- _PROBLEM TO WORK ON_
Verbatim copy, images excluded: write out each record shown below.

[Opening RECORDS PROVIDED section]

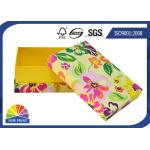 Custom Design Printing Soap Gift Box Cardboard Gift Packaging Box for Soap Candle for sale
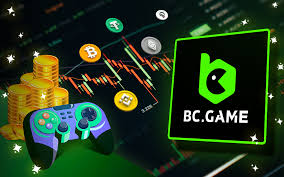 Exploring BC.Game JP Bonuses & Promo Offers for Maximized Gaming Experience
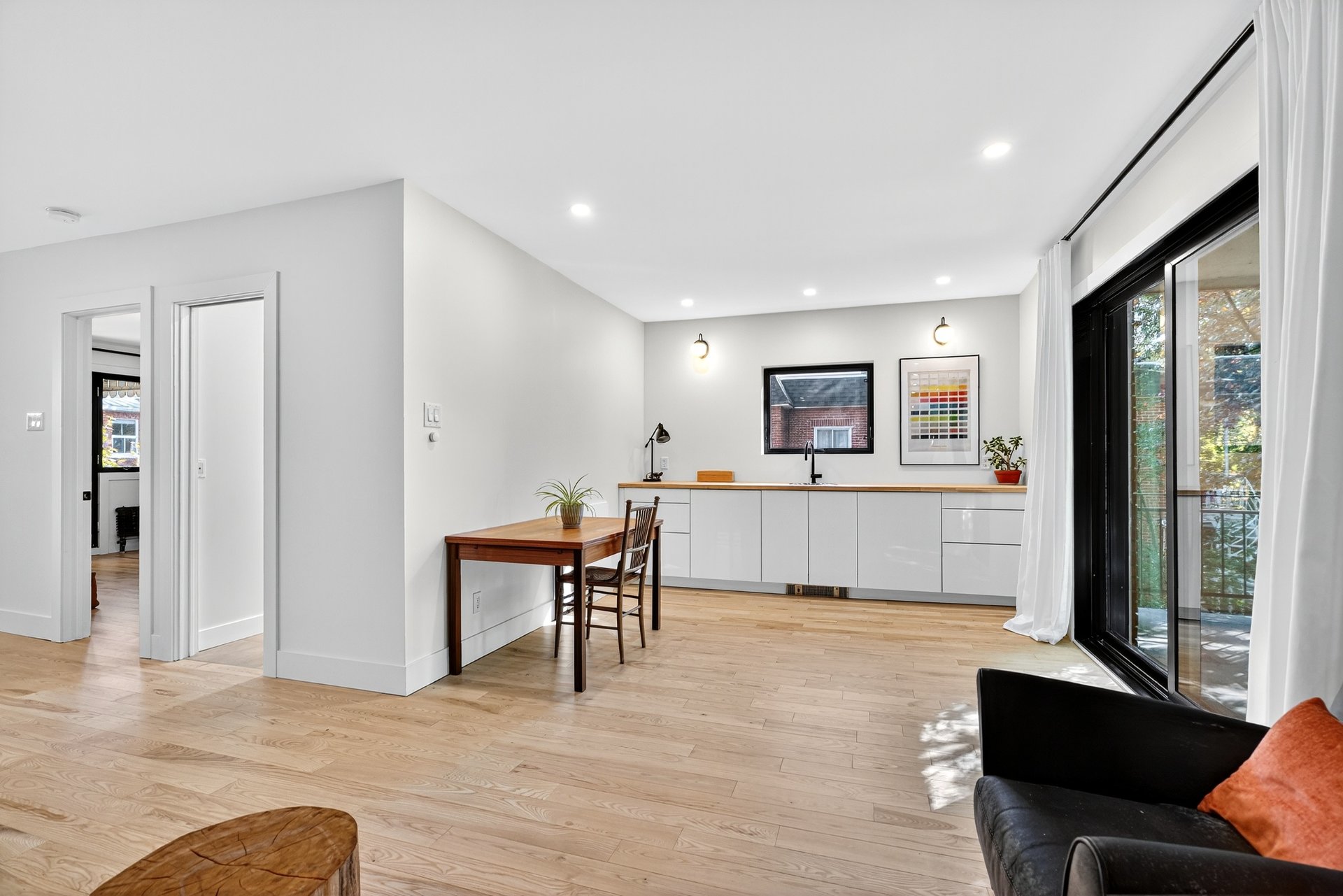 Photo - Salle familiale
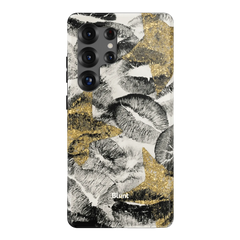 Star Kiss Samsung Case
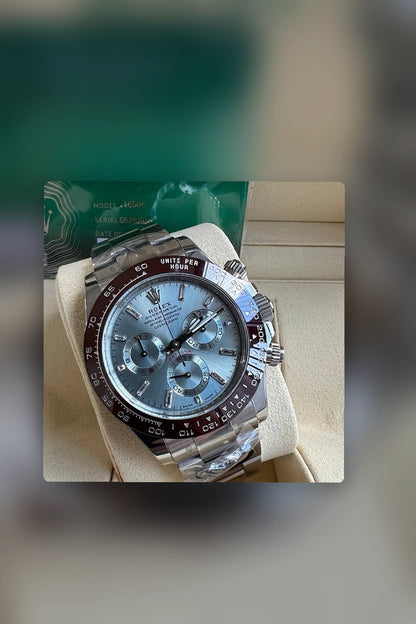 NB - Mix Watch - 681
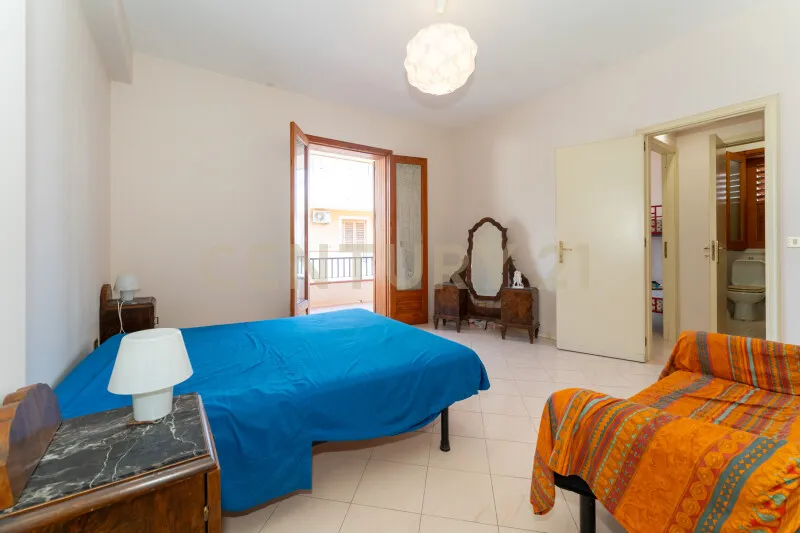 Chambres - Maison 2 chambres à Acireale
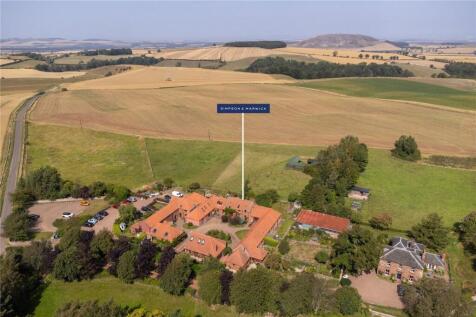 Garvald Grange Tag 2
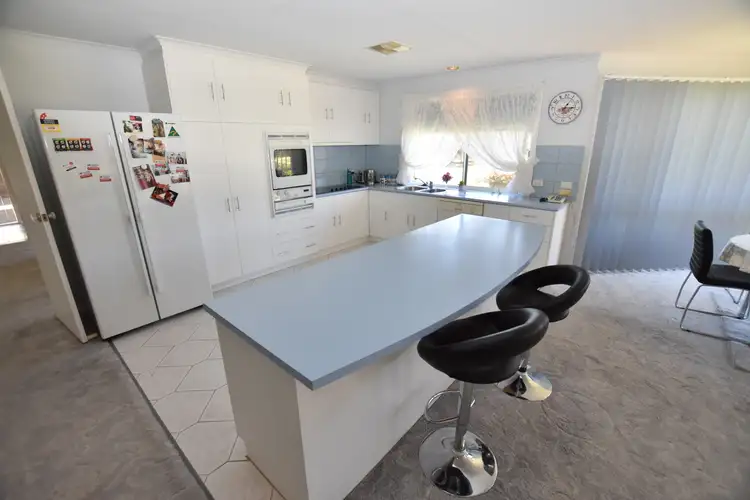 Second view of Homely house listing, 37 Munro Crescent, Kyabram VIC 3620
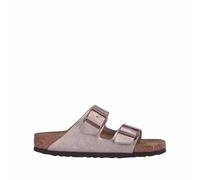 Birkenstock Boston Man Sandals Brown, Graceful Taupe N, 7.5 UK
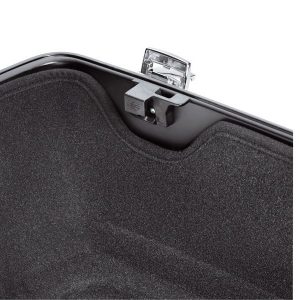 EZ TOUR-PAK LID CATCH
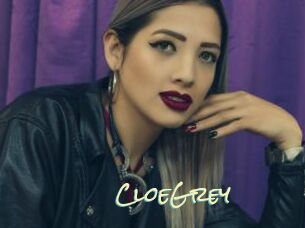 CloeGrey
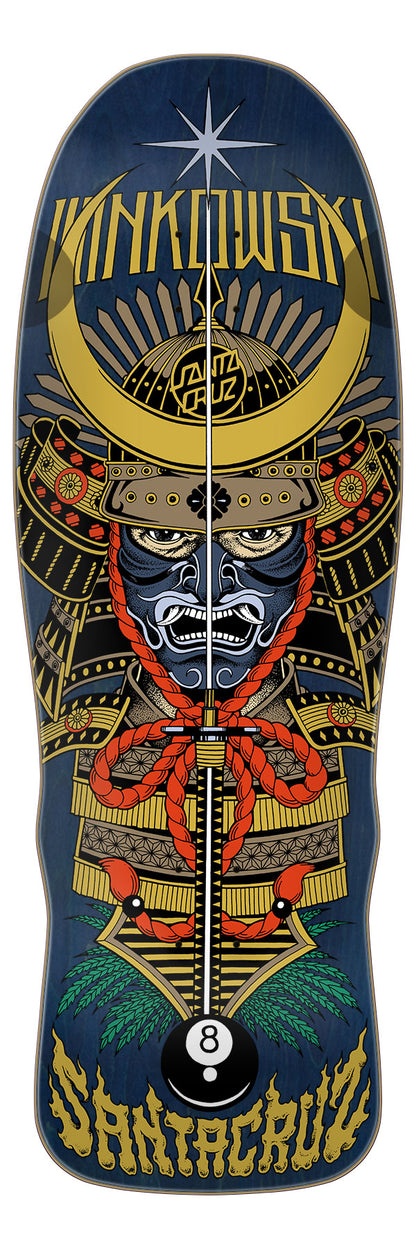 SANTA CRUZ - Winkowski Samurai - 10.35
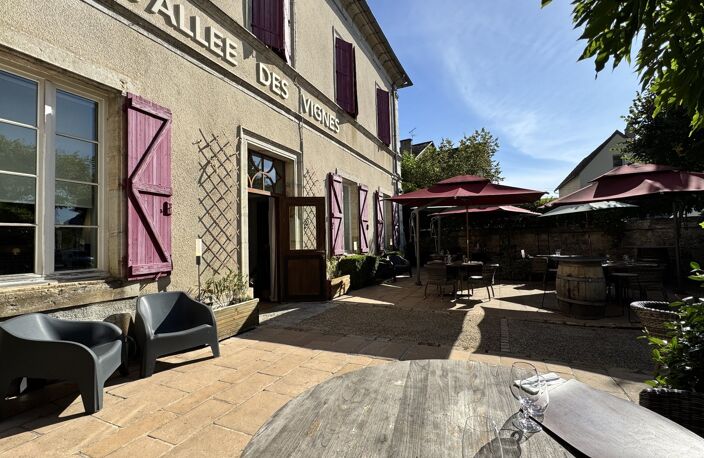 Maison — photo 2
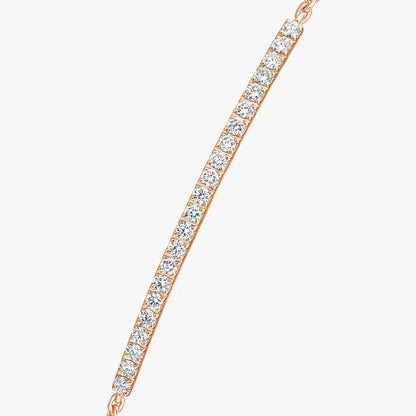 [Elite]Gatsby Diamond Bracelet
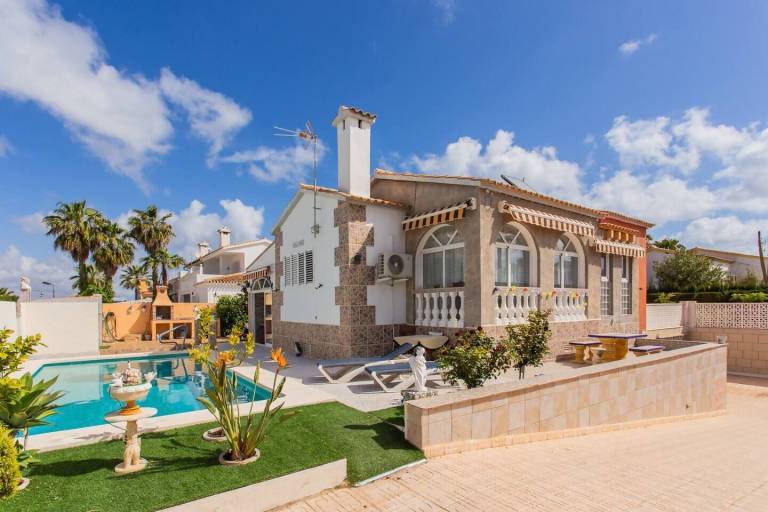 Casa San Javier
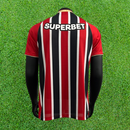 Maillot São Paulo II 25/26 Supporter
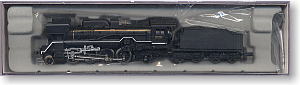 D51 499 変形デフ (鉄道模型)
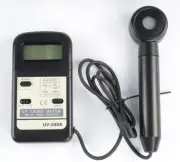 Pocket Digital UV Light Meter Tester UVA UVB Measure Tool UV-340A Tester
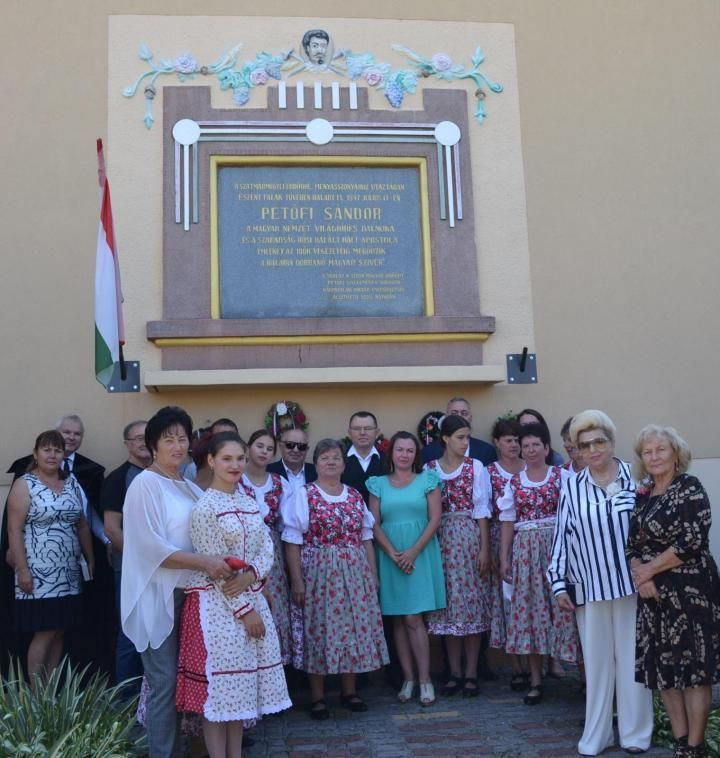 85 éves a Tisza-parti zarándokhely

[Closing RECORDS PROVIDED section]

- _ANSWER SPACE_
 Custom Design Printing Soap Gift Box Cardboard Gift Packaging Box for Soap Candle for sale
 Exploring BC.Game JP Bonuses & Promo Offers for Maximized Gaming Experience
 Photo - Salle familiale
 Star Kiss Samsung Case
 NB - Mix Watch - 681
 Chambres - Maison 2 chambres à Acireale
 Garvald Grange Tag 2
 Second view of Homely house listing, 37 Munro Crescent, Kyabram VIC 3620
 Birkenstock Boston Man Sandals Brown, Graceful Taupe N, 7.5 UK
 EZ TOUR-PAK LID CATCH
 CloeGrey
 SANTA CRUZ - Winkowski Samurai - 10.35
 Maison — photo 2
 [Elite]Gatsby Diamond Bracelet
 Casa San Javier
 Maillot São Paulo II 25/26 Supporter
 D51 499 変形デフ (鉄道模型)
 Pocket Digital UV Light Meter Tester UVA UVB Measure Tool UV-340A Tester
 85 éves a Tisza-parti zarándokhely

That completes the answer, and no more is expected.